- _Materials provided_:
================

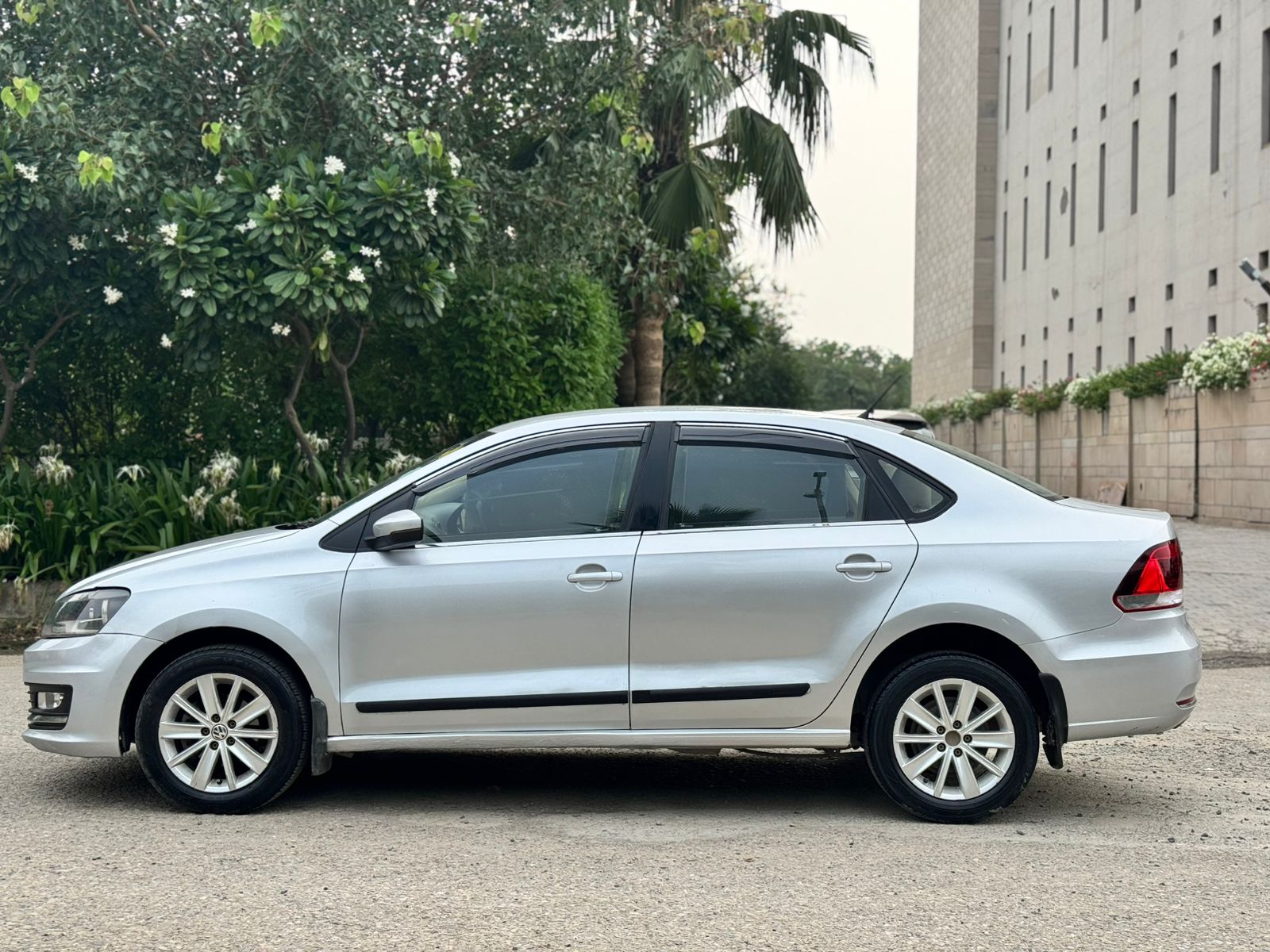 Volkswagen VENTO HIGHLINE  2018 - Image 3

================

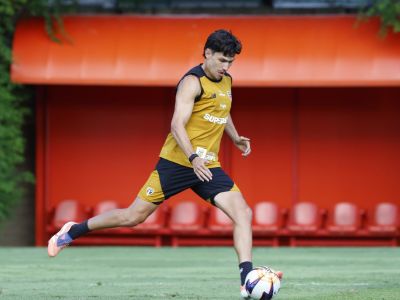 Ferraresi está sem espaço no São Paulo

================

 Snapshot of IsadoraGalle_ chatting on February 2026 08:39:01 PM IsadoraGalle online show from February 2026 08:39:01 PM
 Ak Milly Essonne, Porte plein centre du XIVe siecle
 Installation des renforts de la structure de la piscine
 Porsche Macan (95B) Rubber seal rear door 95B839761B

================

- _Assignment_: Reproduce only the lines above, starting at the line with "Snapshot of IsadoraGalle_" and ending at the line with "Installation des renforts", exactly as written.

- _Answer to the problem_:
 Snapshot of IsadoraGalle_ chatting on February 2026 08:39:01 PM IsadoraGalle online show from February 2026 08:39:01 PM
 Ak Milly Essonne, Porte plein centre du XIVe siecle
 Installation des renforts de la structure de la piscine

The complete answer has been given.